Dr. Konrad Osthold, Désirée Goertz
Rz. 98
Das Antragsrecht nach § 1981 Abs. 1 BGB steht gem. § 2062 BGB nur allen Miterben gemeinsam zu. Die Nachlassverwaltung ist anzuordnen, wenn sie beantragt wird, § 1981 Abs. 1 BGB. Indirekte Voraussetzung ist noch, dass eine die Kosten deckende Masse vorhanden bzw. eingezahlt worden ist (§ 1981 BGB).
Die Beantragung kann nur bis zur Teilung des Nachlasses erfolgen, § 2062 BGB.
Rz. 99
Es ist bei Erbenmehrheit umstritten, ob die Beantragung der Nachlassverwaltung noch möglich ist, wenn einer der Erben inzwischen unbeschränkt haftet. Der Telos des § 2062 BGB beschränke sich auf den Schutz der Miterben vor einer aufgezwungenen Nachlassverwaltung. Zudem ist der Zweck eines von dem/n Erben eingeleiteten Verfahrens noch so lange erreichbar, wie einer von ihnen noch beschränkbar haftet.

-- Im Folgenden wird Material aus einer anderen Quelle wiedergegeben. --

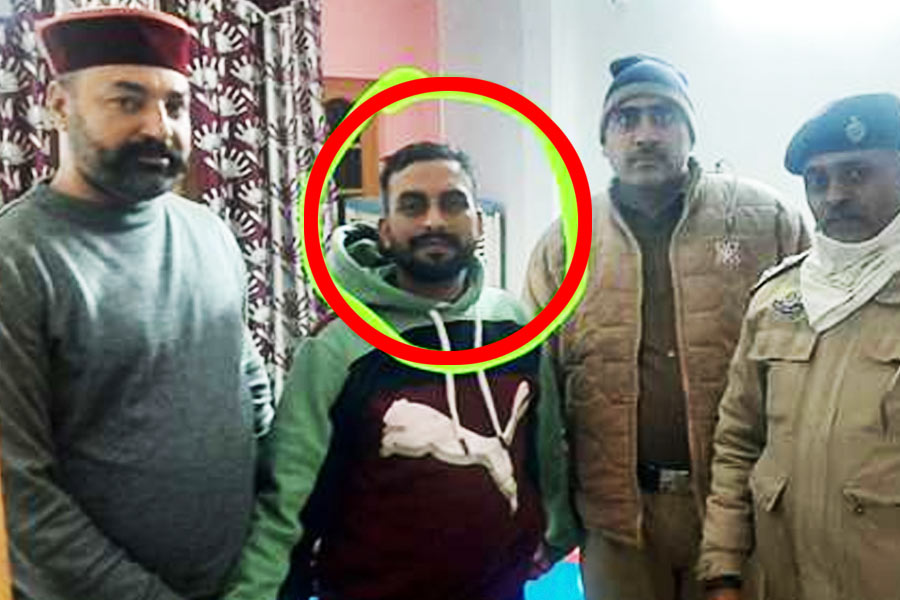 চিন্তপূর্ণি এলাকাটি হিমাচল প্রদেশের উনা জেলায়। নিহত সুরিন্দর পঞ্জাবের দাসুয়া এলাকার মানোয়ালের কাছে আলমপুর পট্টির বাসিন্দা। পেশায় ট্যাক্সিচালক সুরিন্দর দিল্লিতে থাকতেন।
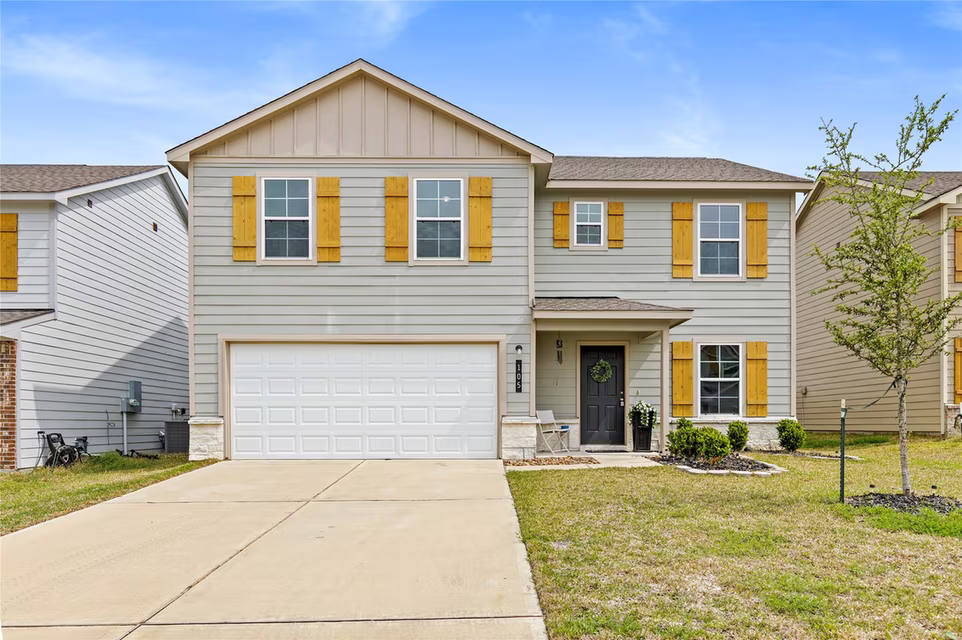 Photo of 105 Avalon Drive, Huntsville, TX 77320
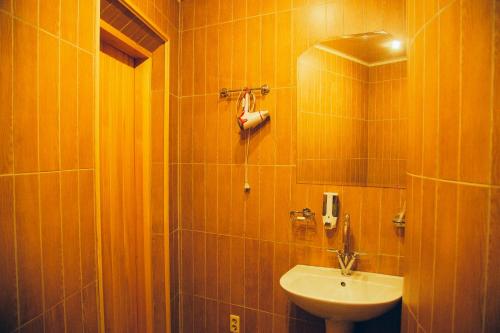 La salle de bains est pourvue d'un lavabo et d'un miroir. dans l'établissement Bashnya Hotel, à Briansk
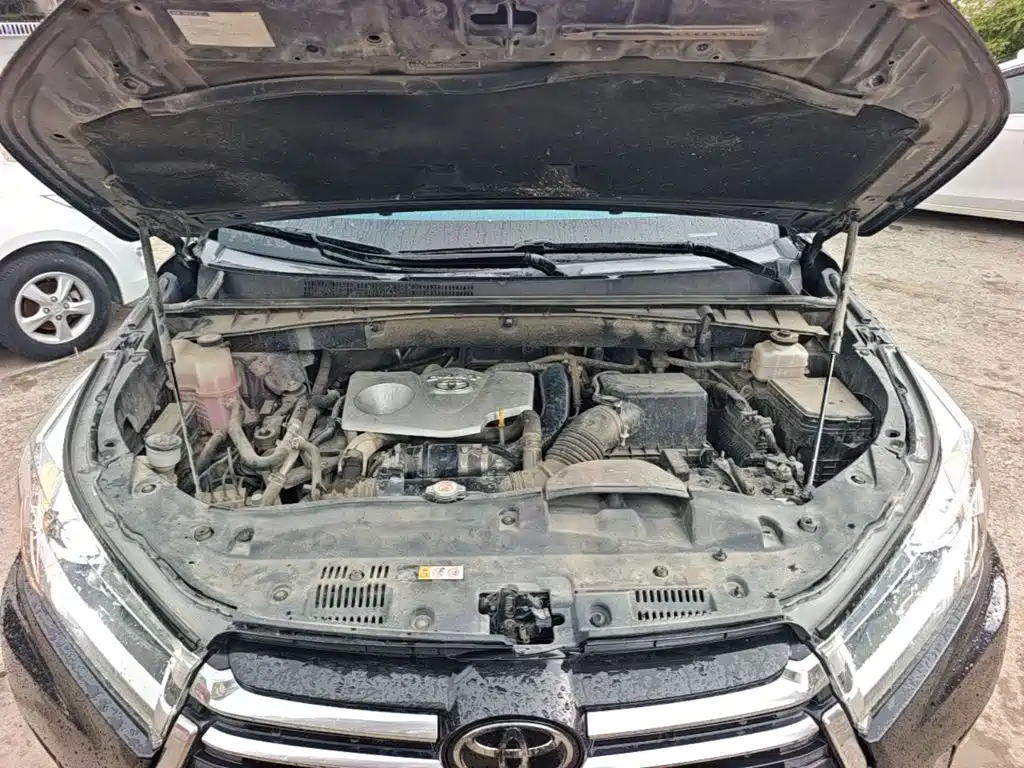 Toyota Highlander — фото 20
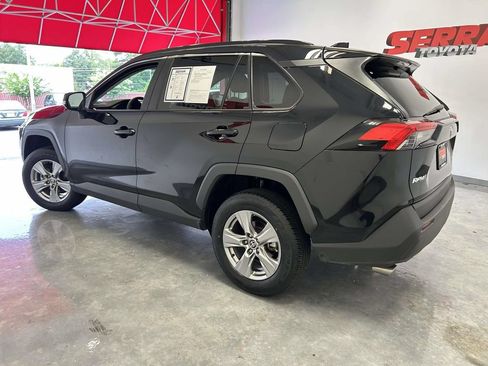 Used 2025 Toyota RAV4 XLE AWD/4WD image 6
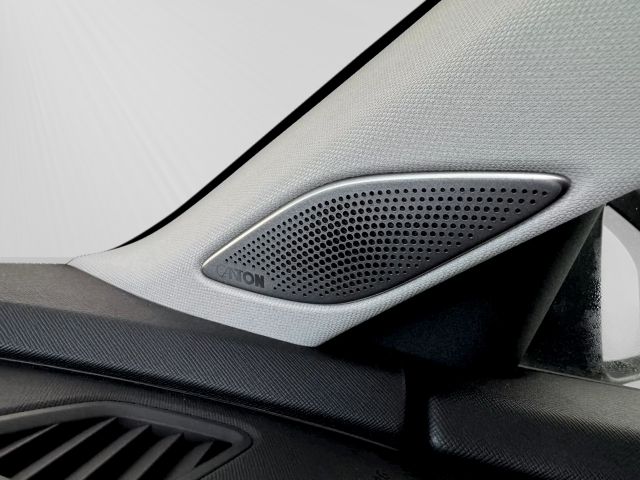 Skoda Superb Combi L&K Leder AHK Standh. Rollo 360Cam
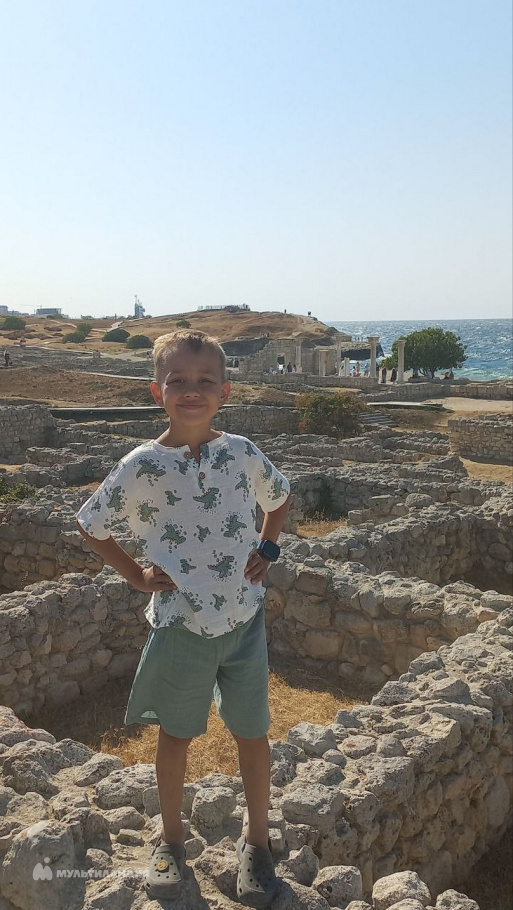 Лапин Артём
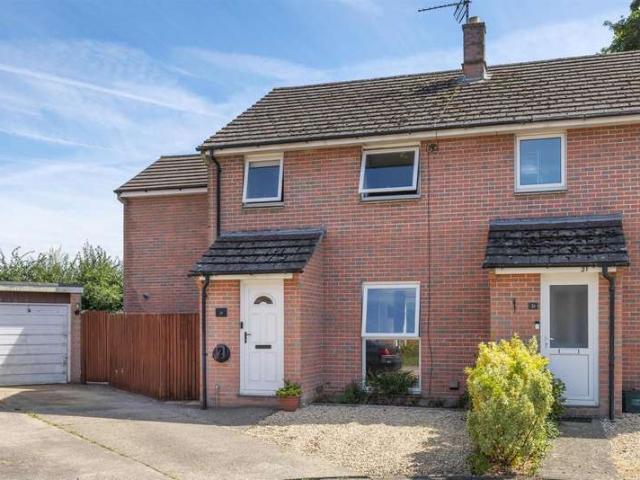 4 Bedroom Semi Detached House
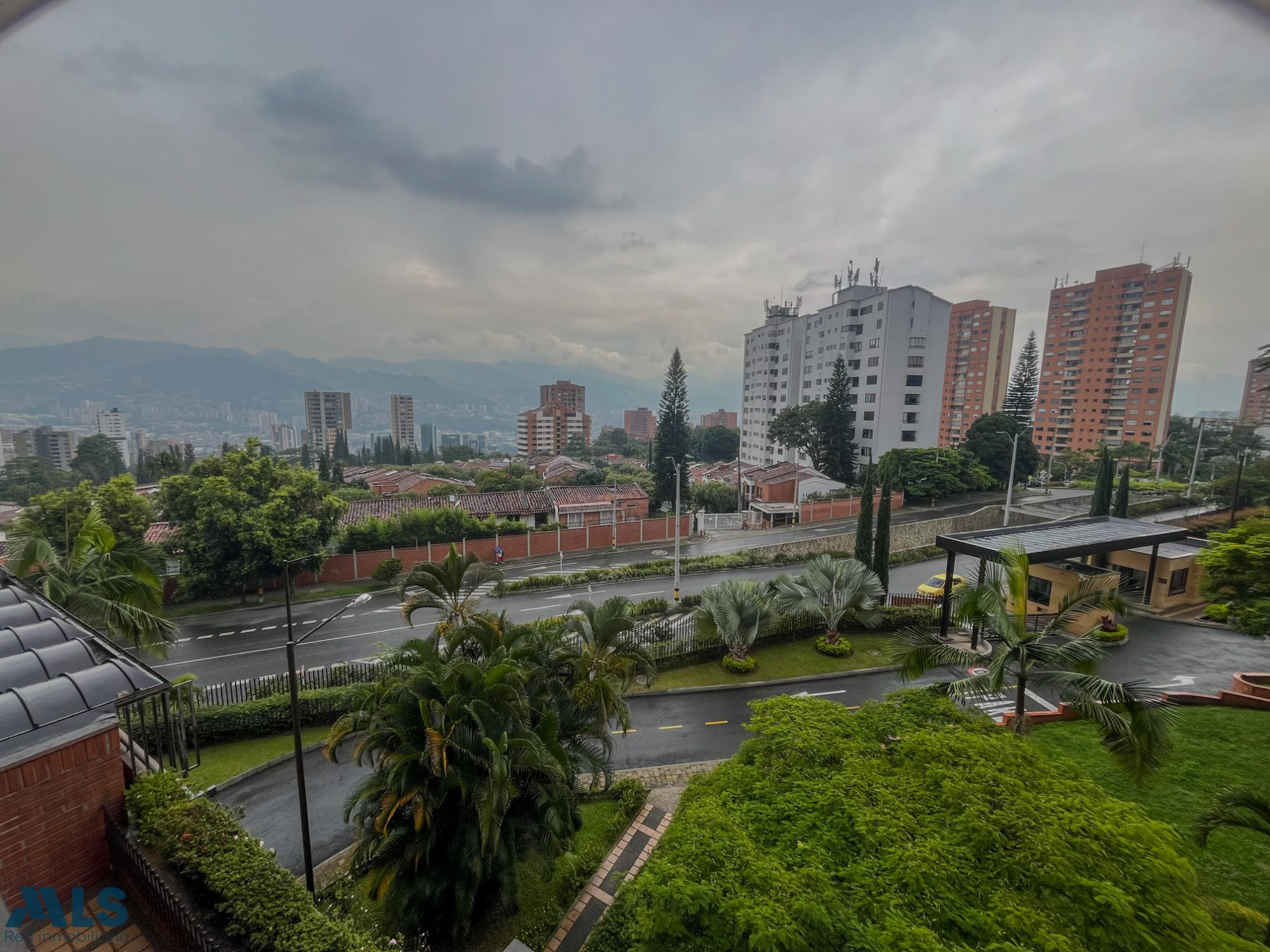 Apartamento en venta a una cuadra de la vaquita medellin - los balsos no 1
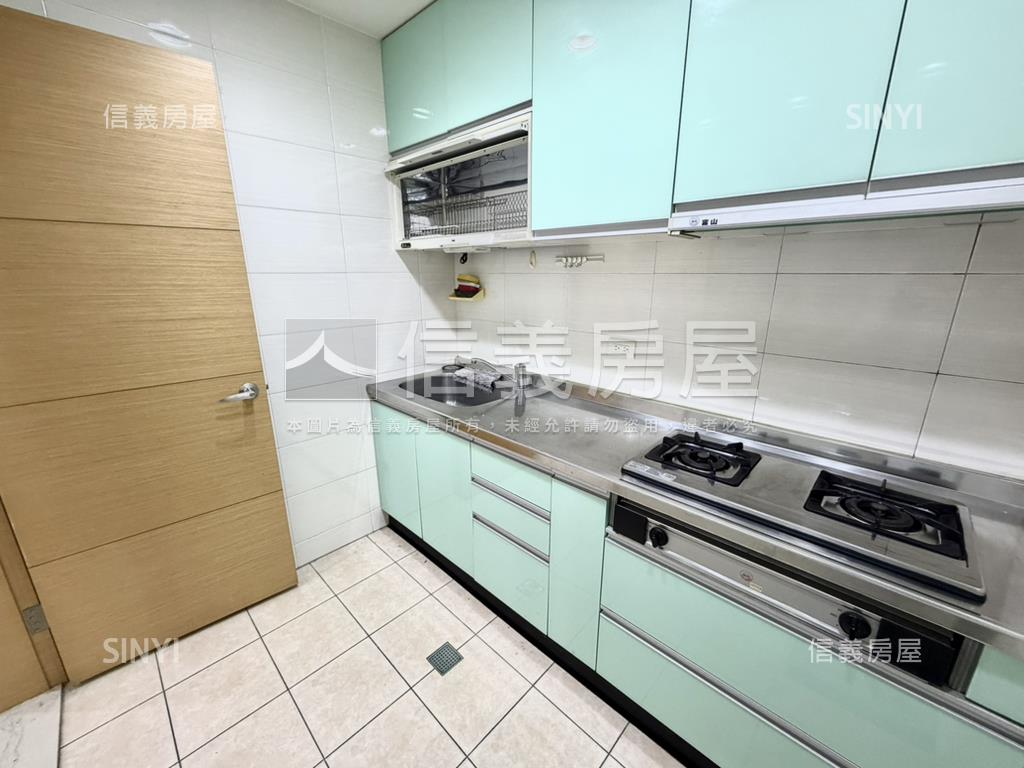 捷運邊間雙衛浴美寓房屋室內格局與周邊環境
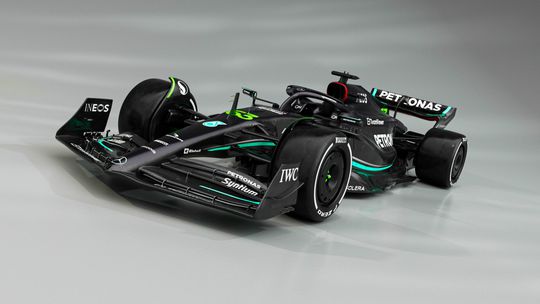 📸 | Dit is de zwarte Mercedes W14 voor het Formule 1-seizoen van 2023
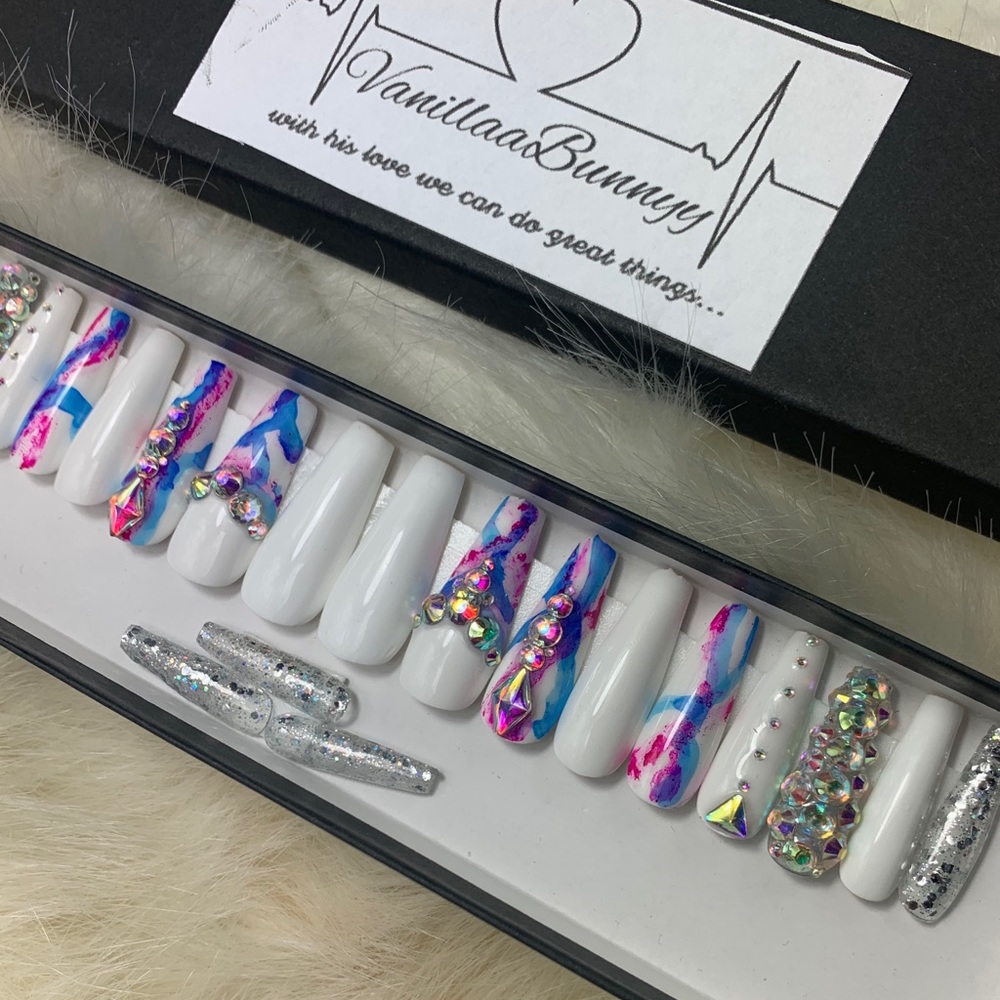 Tie-dye press on nails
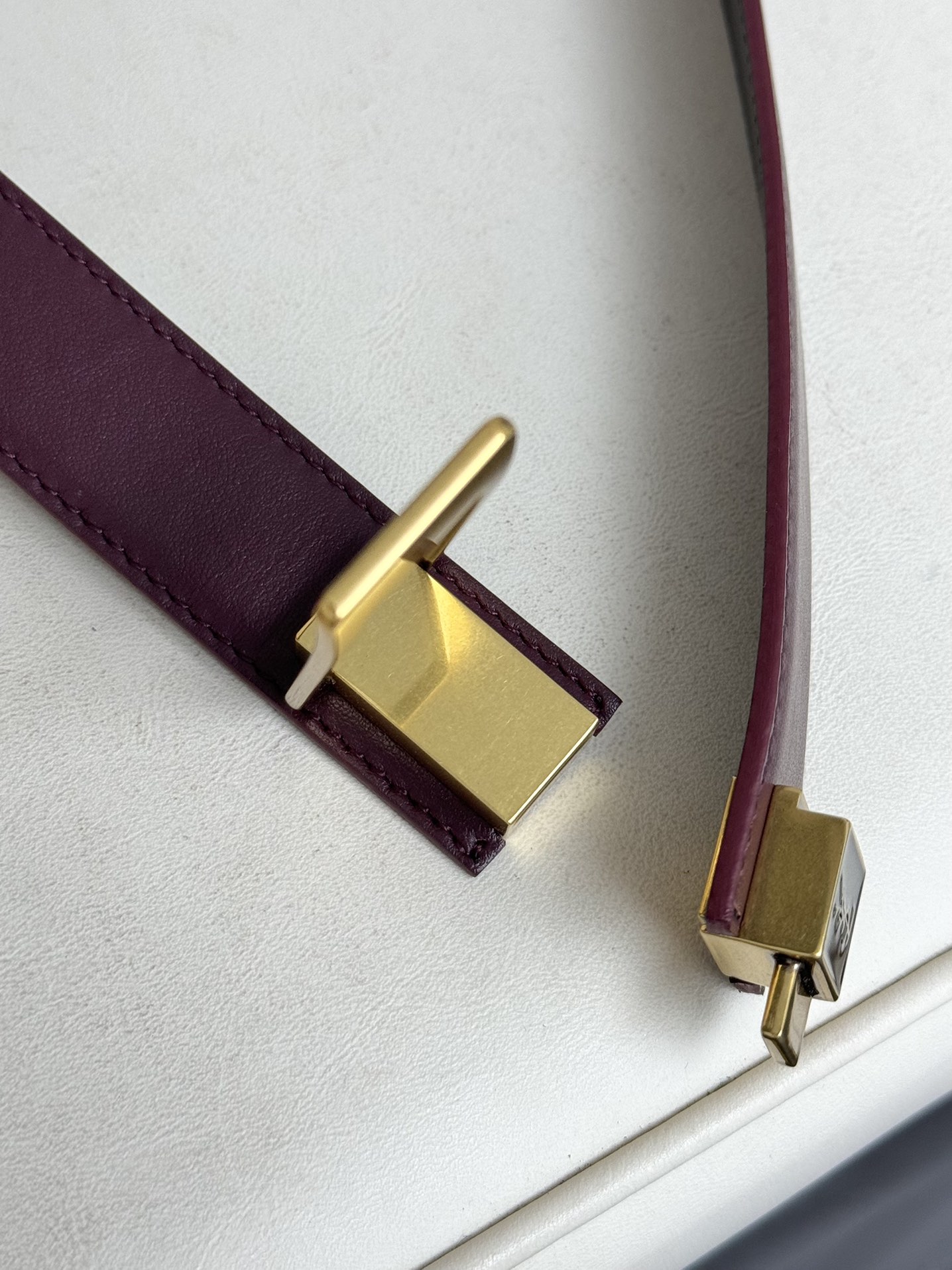  Saint Laurent 圣罗兰女士腰带皮带 原厂真金电渡扣头，意大利原厂皮，宽2.5cm，代购级。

Mit der h.M. ist das Antragsrecht abzulehnen, denn gegen das Antragsrecht spricht der deutliche Wortlaut des § 2013 Abs. 1 S. 1 BGB. Ein allen Nachlassgläubigern gegenüber unbeschränkt haftender Erbe kann die Nachlassverwaltung nicht mehr beantragen, sodass der erforderliche gemeinschaftliche Antrag nicht mehr gestellt werden kann. Dies ist von den übrigen Mitgliedern der Erbengemeinschaft hinzunehmen. Die unbeschränkte Haftung des Miterben wird in der Regel durch ein Inventarvergehen entstanden sein. Jeder der anderen Erben hätte aber seinerseits ein Inventar errichten können, worauf die anderen Erben gem. § 2004 BGB hätten Bezug nehmen können. Geschieht dies nicht, sind die Konsequenzen von allen zu tragen.
Rz. 100
Ist die Erbenposition be- bzw. umstritten, stellt sich die Frage, ob Erbprätendenten den Antrag auf Nachlassverwaltung stellen dürfen. Diese Frage wurde noch nicht entschieden. Zu deren Beantwortung werden teilweise zwei Entscheidungen des BGH zur Nachlassinsolvenz, wo § 316 Abs. 1 InsO jedenfalls die Zulässigkeit während der Ausschlagungsfrist regelt, bemüht. Nach Annahme der Erbschaft habe der Erbe auch bei laufendem Streit über die Erbenstellung die Pflicht, die Insolvenz zu beantragen – eine Behandlung als bloß "vorläufiger" Erbe gebe das Recht nicht vor. Besteht die Pflicht, beinhaltet diese nach hier vertretener Ansicht auch das Recht, den Antrag zu stellen. Allerdings sieht auch der BGH, dass der Prätendent in der Praxis voraussichtlich Probleme haben wird.
Rz. 101
Ob aus diesen für das vor allem Gläubiger schützende Insolvenzverfahren gemachten Erwägungen zwingende Schlüsse auf die Nachlassverwaltung folgen, ist zweifelhaft. Denn anders als dort handelt es sich hier um eine bloße Vorsichtsmaßnahme des Erben, die nach objektiver Betrachtung nicht erforderlich ist, da der vorläufige Erbe nach § 1958 BGB gegen Angriffe von Nachlassgläubigern geschützt ist. Zudem ist dem vorläufigen Erben nach allg. Auffassung nur die Sicherung des Nachlasses möglich, wenn er des Ausschlagungsrechtes nicht verlustig gehen will. Im Regelfall wird es schwierig sein, die weitreichende, den Erben nach Abnahme der Verwaltungs- und Verfügungsbefugnis sowie des Besitzes zum "Papiererben" degradierende Nachlassverwaltung als bloße Sicherheitsmaßnahme zu verstehen. Vergegenwärtigt man sich, dass der Erbe in der Regel durch die Nachlassverwaltung zu einem auf einen am Ende überbleibenden Überschuss hoffenden Zuschauer der Nachlassliquidierung gemacht wird, lässt es sich nach hier vertretener Auffassung schwerlich rechtfertigen, dem vorläufigen Erben eine für den endgültigen Erben derart einschneidende Entscheidung zuzubilligen.
Rz. 102
Die Rücknahme des Antrags auf Nachlassverwaltung ist gesetzlich nicht geregelt. Nach überwiegender Auffassung ist die Rücknahme nach § 22 FamFG bis zur Anordnung der Nachlassverwaltung bzw. deren Ablehnung möglich.